China Radio International asked me to analyze the November 6 U.S. midterm elections. Instead of staying up all night watching the results in Washington, as I used to do during my 35 years of covering politics, I spent a day of my midterm (exam) week at Tsinghua University monitoring the returns, taking advantage of the 13-hour time difference to avoid sleep deprivation.
Here is a lightly edited transcript of my CRI Q&A:
Q: What’s your reaction to the election result?
A: It was exactly the result I expected. Donald Trump’s decision to divide the country along class and racial lines helped Republicans make gains in the Senate but it doomed them in the House. And I think Trump made a rational political decision: sacrifice the House to keep the Senate, where his nominees for executive office and the courts must be confirmed. This split verdict of the voters strengthens Trump as far as nominations are concerned, but it will make it hard for him to pass any legislation unless it is truly bipartisan. It also will subject him to aggressive oversight by the new Democratic committee chairmen in the newly Democratic House.
Q: To what extent do you think this is going to reshape the political landscape of America?
A: It confirms that 2016 was not a fluke and that Trump has realigned American politics. On the one hand, some suburban voters are switching to the Democratic Party, and women and younger voters are becoming more and more Democratic. But Trump has consolidated the realignment of white working-class voters and has managed to maintain the support of many educated white men in the suburbs. I think it means at least two more years of deeply divided politics and a focus by both parties on a few states that will determine the 2020 election: Pennsylvania, Michigan, Wisconsin, Minnesota, Iowa, Arizona and probably Florida.
Q: Donald Trump said two days before the elections that he planned to focus on the Senate. He declared the election results a “tremendous success” for Republicans. In what ways could this be a victory for Donald Trump?
A: Well, it’s a victory because he kept control of the Senate, and even strengthened the Republican majority. He is directly responsible for that with his highly charged rhetoric and his aggressive campaigning. Five new senators owe Trump their jobs. It means that Trump will have virtual carte blanche on nominations for administration positions and federal judgeships for the next two years.
Q: Do you think Donald Trump should be given the credit for Republicans keeping the Senate red?
A: Yes, he deserves credit. And so does Senate Majority Leader Mitch McConnell. Trump figured out a way to motivate his base. Democrats were enthusiastic about going to the polls to vote against Republicans. They figured out a way, with the Supreme Court nomination fight over Brett Kavanaugh, to charge up Republican base voters. Trump understands the Trump voters better than the American media does.
Q: With divided leadership in Congress and a president who has taken an expansive view of executive power, is Washington going to see even deeper political polarization and legislative gridlock?
A: Because the Democrats control the House, there will either be bipartisanship or gridlock. Judging by Trump’s track record, I would bet on gridlock. Unless Trump completely changes his persona and suddenly becomes a statesman, Washington will devolve into gridlock and recriminations. The House will investigate Trump.
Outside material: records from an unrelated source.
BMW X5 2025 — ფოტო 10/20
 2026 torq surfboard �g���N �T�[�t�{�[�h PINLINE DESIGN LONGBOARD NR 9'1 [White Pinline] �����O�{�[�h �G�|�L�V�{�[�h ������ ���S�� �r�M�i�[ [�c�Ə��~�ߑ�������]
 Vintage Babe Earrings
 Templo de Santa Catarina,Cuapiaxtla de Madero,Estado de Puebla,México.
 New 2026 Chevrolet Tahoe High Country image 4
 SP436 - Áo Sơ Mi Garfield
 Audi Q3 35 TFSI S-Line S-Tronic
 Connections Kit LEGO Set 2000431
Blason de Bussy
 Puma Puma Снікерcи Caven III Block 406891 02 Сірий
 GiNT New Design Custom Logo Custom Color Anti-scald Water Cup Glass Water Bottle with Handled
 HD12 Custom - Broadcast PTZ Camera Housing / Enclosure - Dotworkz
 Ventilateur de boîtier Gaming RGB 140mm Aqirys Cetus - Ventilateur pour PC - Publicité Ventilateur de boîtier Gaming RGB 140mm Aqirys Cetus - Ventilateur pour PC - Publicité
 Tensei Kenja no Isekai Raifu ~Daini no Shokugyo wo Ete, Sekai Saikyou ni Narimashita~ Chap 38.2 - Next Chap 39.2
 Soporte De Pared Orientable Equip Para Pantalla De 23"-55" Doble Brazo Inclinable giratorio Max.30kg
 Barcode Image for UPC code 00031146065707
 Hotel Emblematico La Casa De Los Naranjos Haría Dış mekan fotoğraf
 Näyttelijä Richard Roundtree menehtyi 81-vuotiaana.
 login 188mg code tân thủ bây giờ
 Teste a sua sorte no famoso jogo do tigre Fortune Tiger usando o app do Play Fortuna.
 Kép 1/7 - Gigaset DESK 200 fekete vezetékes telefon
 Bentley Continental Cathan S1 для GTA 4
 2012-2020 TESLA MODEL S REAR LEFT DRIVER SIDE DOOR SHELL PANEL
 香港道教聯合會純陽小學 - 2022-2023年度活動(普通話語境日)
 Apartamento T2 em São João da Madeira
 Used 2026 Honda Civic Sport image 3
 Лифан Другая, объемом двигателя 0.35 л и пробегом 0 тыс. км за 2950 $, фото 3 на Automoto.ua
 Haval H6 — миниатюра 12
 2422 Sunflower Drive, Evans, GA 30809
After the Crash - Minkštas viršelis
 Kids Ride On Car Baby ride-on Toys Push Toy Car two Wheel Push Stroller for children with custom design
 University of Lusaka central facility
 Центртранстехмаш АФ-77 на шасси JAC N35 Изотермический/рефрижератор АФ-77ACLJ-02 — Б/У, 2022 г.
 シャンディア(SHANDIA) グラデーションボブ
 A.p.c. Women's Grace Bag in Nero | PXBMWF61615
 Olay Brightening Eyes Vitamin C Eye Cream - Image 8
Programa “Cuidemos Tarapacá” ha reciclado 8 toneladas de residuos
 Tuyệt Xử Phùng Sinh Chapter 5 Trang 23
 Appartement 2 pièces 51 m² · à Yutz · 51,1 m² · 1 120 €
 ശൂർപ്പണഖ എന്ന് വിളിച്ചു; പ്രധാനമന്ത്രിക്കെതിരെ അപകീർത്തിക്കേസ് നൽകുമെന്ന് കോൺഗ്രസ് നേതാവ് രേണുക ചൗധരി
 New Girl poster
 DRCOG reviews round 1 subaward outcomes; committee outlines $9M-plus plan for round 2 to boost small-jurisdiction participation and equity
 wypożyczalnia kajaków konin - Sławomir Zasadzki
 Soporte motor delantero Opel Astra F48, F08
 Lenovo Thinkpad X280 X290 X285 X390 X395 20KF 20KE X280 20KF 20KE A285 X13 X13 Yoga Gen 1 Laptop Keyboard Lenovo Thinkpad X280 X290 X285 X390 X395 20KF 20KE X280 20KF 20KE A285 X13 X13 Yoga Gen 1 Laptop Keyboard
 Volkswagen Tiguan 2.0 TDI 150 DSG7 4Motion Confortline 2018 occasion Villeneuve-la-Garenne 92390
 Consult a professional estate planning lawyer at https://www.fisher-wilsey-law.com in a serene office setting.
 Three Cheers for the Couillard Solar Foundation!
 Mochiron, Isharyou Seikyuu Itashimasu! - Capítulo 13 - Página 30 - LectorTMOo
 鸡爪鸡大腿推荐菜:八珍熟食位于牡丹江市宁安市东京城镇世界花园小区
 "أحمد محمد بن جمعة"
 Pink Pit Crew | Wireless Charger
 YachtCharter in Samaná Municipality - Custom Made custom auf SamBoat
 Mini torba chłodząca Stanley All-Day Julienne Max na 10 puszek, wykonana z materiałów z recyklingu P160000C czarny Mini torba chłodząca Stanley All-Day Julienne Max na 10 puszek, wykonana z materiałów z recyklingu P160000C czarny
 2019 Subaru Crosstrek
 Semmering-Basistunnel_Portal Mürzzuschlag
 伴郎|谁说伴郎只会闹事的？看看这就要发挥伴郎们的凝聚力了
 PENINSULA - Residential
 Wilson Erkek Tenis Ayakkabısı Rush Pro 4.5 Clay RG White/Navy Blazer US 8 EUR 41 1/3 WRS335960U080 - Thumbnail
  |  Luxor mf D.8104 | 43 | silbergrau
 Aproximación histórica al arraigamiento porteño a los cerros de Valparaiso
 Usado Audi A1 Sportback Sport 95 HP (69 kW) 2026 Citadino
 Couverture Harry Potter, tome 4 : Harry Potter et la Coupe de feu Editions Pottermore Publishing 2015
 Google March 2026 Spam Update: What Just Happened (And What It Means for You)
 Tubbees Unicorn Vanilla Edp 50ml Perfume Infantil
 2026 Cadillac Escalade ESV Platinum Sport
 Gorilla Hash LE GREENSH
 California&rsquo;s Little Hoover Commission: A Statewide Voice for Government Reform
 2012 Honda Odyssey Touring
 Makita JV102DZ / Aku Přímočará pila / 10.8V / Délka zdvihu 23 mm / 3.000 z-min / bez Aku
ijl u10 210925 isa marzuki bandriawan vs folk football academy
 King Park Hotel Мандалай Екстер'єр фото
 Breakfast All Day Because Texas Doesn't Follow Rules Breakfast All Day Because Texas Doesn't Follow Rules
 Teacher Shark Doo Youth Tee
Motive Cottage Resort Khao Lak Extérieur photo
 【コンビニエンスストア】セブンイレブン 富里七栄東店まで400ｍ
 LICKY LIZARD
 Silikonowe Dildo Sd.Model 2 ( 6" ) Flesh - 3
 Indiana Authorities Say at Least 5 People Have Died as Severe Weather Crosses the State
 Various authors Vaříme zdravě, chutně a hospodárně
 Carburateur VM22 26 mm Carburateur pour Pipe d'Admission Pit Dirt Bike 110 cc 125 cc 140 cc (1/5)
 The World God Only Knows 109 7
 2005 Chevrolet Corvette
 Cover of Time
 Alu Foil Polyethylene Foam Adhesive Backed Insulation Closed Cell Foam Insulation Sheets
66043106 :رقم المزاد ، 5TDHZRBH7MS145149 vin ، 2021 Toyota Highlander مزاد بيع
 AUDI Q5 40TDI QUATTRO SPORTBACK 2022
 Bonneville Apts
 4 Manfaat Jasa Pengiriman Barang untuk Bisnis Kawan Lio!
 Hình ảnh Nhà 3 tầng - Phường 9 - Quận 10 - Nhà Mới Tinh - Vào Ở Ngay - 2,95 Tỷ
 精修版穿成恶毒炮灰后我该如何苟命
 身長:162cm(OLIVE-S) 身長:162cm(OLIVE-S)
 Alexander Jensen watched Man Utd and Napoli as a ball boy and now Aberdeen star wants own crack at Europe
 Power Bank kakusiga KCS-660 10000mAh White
The Senate will support Trump. The most likely compromises will come when Congress debates spending bills, because they have to figure out a way to agree to pay for government operations.
Q: The 2018 midterms are viewed by many as a national referendum on President Trump. Why is that? Is that what usually happens in the U.S.?
A: Midterms are rarely a referendum on the president. The 2010 midterms were a referendum on Obamacare and government spending to counteract the Great Recession. The 2006 midterms were not a referendum on George W. Bush but a rejection of the wars in Iraq and Afghanistan. There is a saying in Washington that in Congress, all politics is local. In Donald Trump’s Washington, all politics is all Trump, all the time.
It was a referendum on Trump because he made it a referendum on himself. He could have made it a referendum on a strong economy, but he decided that dividing voters over issues such as immigration and judges would help Republicans keep the Senate. He was right about that, although Democratic Senate candidates got millions more votes than Republican candidates, and House Democratic candidates received a bigger majority of the two-party vote than either party has received since 2008. So the public spoke: Trump and Republicans are unpopular, but the American system, which gives each state two senators, benefits the smaller, more conservative states where Trump is popular.
Q: A survey released on the eve of the election shows that a quarter of Americans have lost friends over political disagreements and are less likely to attend social functions because of politics. What does it tell about the political environment in today’s American society?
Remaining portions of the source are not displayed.